### Data:

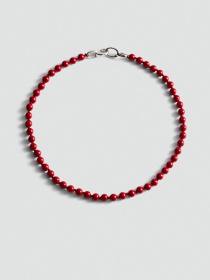 Намисто без кулона MANGO модель 77062548_70 Фото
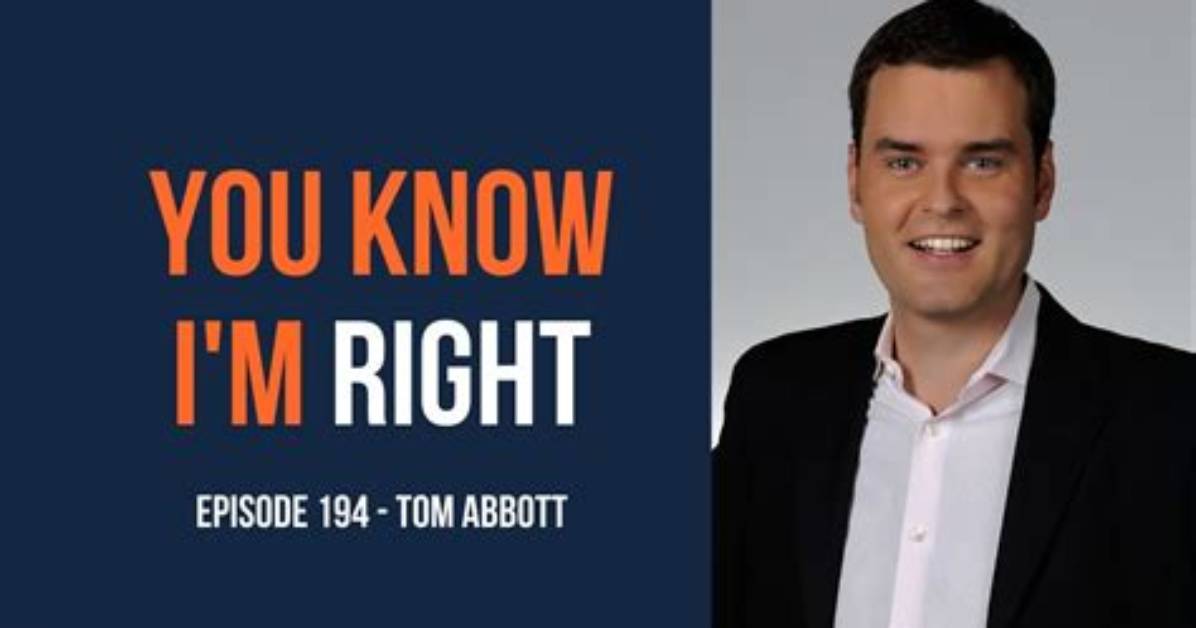Tom Abbott Net Worth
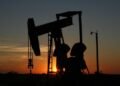 США высвободили 53 млн баррелей нефти из стратегического резерва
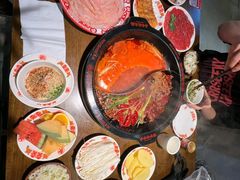 -牛市坎火锅(建设路店)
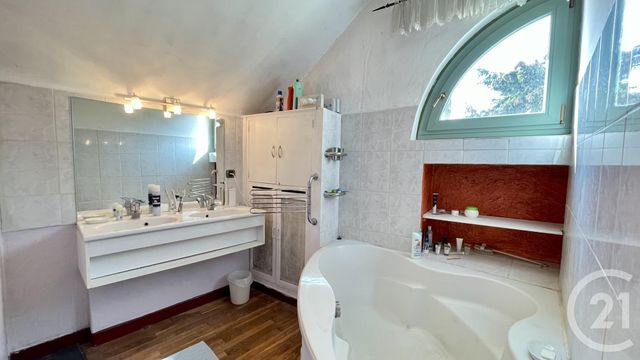 maison à vendre - 8 pièces - 162.0 m2 - PISCOP - 95 - ILE-DE-FRANCE - Century 21 Osmose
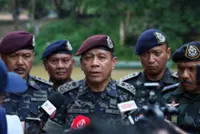 Police awaiting Indonesia's report on Malaysian arrested over drug vapes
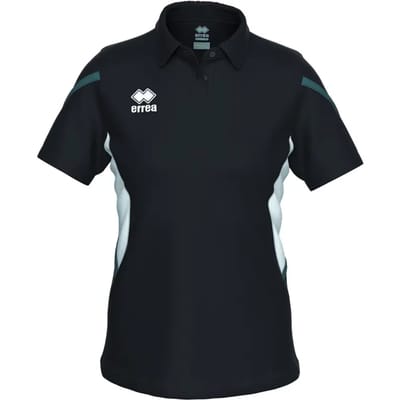 Meisjespolo Errea Carmen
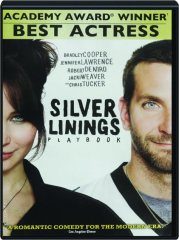 SILVER LININGS PLAYBOOK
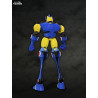 Magne Robo Gakeen - Ga-Keen figure V2, Dynamite Action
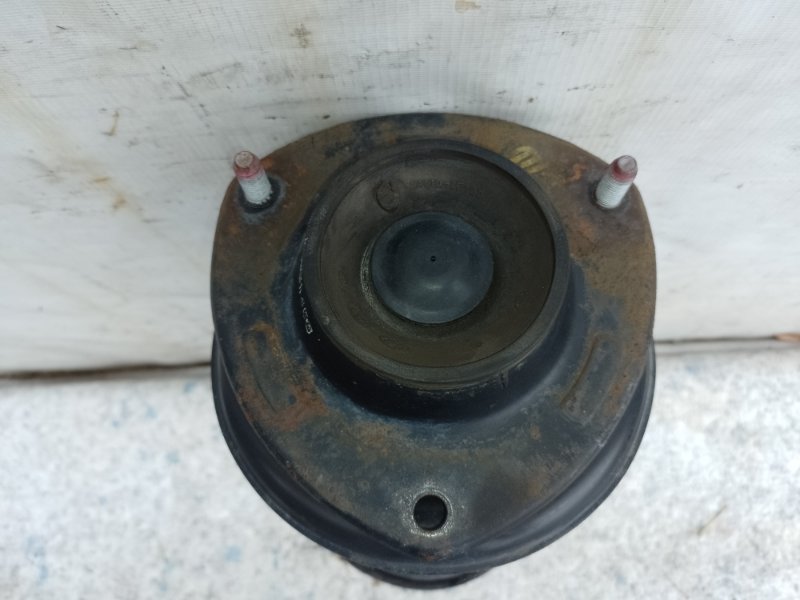 Амортизатор передний левый TUCSON 04-10 2006 2.7 G6BA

### Work required:
Set down the entire material verbatim, with each picture left out.

### Expected answer:
 Намисто без кулона MANGO модель 77062548_70 Фото
Tom Abbott Net Worth
 США высвободили 53 млн баррелей нефти из стратегического резерва
 -牛市坎火锅(建设路店)
 maison à vendre - 8 pièces - 162.0 m2 - PISCOP - 95 - ILE-DE-FRANCE - Century 21 Osmose
 Police awaiting Indonesia's report on Malaysian arrested over drug vapes
 Meisjespolo Errea Carmen
 SILVER LININGS PLAYBOOK
 Magne Robo Gakeen - Ga-Keen figure V2, Dynamite Action
 Амортизатор передний левый TUCSON 04-10 2006 2.7 G6BA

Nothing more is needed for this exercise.